Avec le Dr Gingras, Mme Forget a travaillé auprès des anciens combattants à Montréal, mais aussi à l'étranger. «Nous avons mis sur pied ensemble, au Viêtnam, en 1975, un programme d'ergothérapie qui devait compléter les soins de physiothérapie qui existaient déjà. Malheureusement, la guerre a éclaté et le projet n'a jamais vu le jour.»

L'expérience a toutefois été répétée, avec succès cette fois, au Maroc puis au Liban et à la Barbade. Mme Forget a poursuivi l'oeuvre à l'échelle internationale du fondateur de l'École en présidant pendant huit ans la Fédération mondiale des ergothérapeutes. Elle a même créé, au moment où le Dr Gingras a pris sa retraite, en 1997, un fonds qui porte son nom. Il a pour but de promouvoir la réadaptation dans les pays en voie de développement. Le Fonds contribue au financement des activités des étudiants ou de membres du corps professoral dans le secteur de la réadaptation dans des pays pauvres (stages étudiants, activités préparatoires à la création de programmes de formation ou d'intervention en réadaptation).
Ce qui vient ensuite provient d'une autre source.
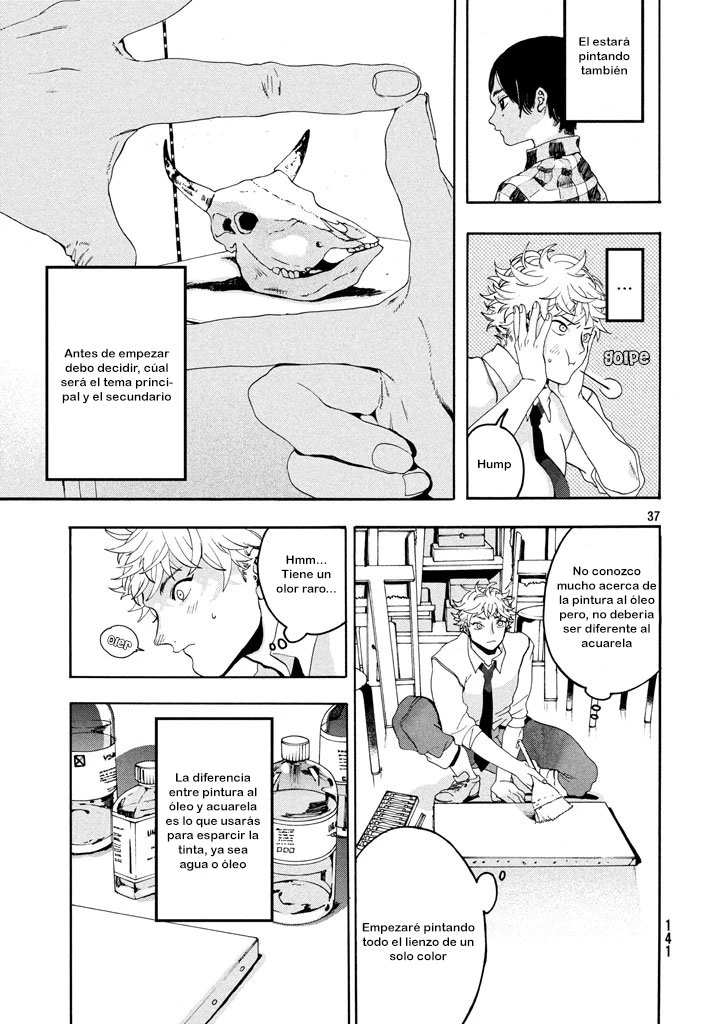 Read Blue Period ES Manga Online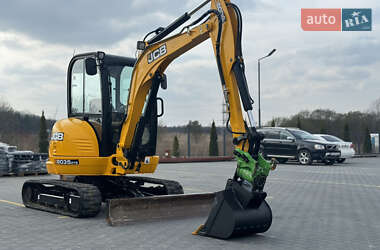 Миниэкскаватор JCB 8035 2019 в 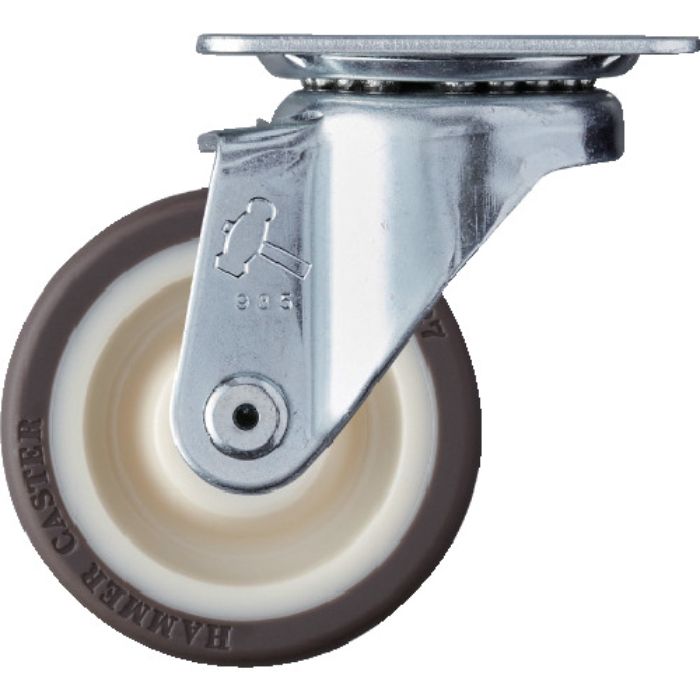 ハンマー キャスター自在ウレタン車65mm(Tcode:1251571)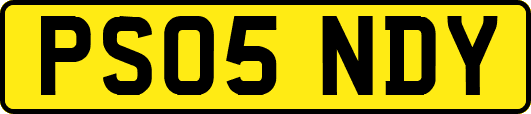 PS05NDY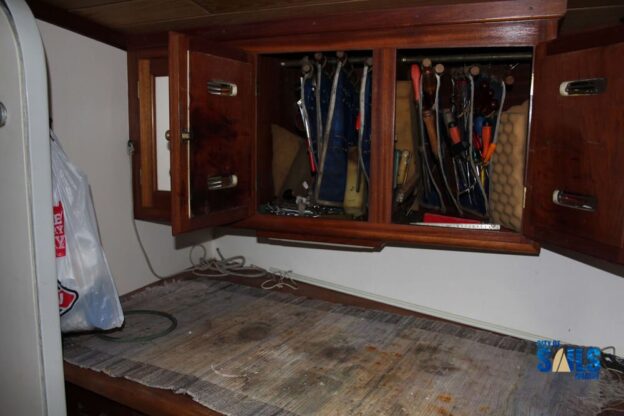ATAIR: Petersen Yacht - Brigantine 70ft – traditional style - Image 32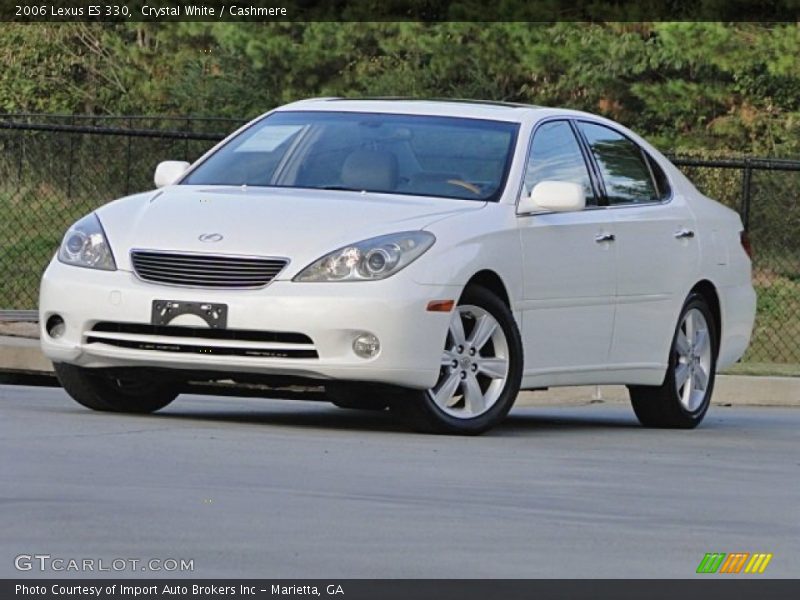 Crystal White / Cashmere 2006 Lexus ES 330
Le fondateur de l'École, Gustave Gingras

Les débuts de l'École de physiothérapie et de thérapie occupationnelle, comme on l'appelait alors, ont été fort difficiles, rappelle Andrée Forget. À ses premières années, les budgets étaient modestes et les professeurs étaient «empruntés» à l'Université McGill et ailleurs. Aujourd'hui, l'École jouit d'une excellente réputation tant pour ce qui est de son enseignement que sur le plan de la recherche qui s'y déroule. En plus des programmes de physiothérapie et d'ergothérapie, elle accueille en 1956 le programme d'orthophonie-audiologie conduisant à la maîtrise. L'École prend alors le nom d'École de réhabilitation. Ce n'est qu'en 1971 que son nom actuel lui est donné.

L'École accueille en ce moment 172 étudiants par cohorte au premier cycle, soit 100 étudiants en ergothérapie et 72 en physiothérapie. Depuis le début des années 80, un accent a été mis sur le développement de la recherche et le recrutement de professeurs au doctorat et, du même coup, de chercheurs boursiers.

L'École occupe des locaux sur cinq étages du pavillon Marguerite-d'Youville, où sont donnés la plupart des cours. Les activités de recherche des professeurs et des chercheurs se déroulent dans plusieurs milieux cliniques: l'Institut de réadaptation de Montréal, l'Hôpital du Sacré-Coeur de Montréal, l'Hôpital Sainte-Justine, l'Hôpital Marie-Enfant, le Centre de réadaptation Lucie-Bruneau et le Centre hospitalier Côte-des-Neiges. Certaines activités de recherche se passent également sur le campus. La formation clinique se donne dans 90 milieux cliniques en physiothérapie et dans 60 milieux en ergothérapie.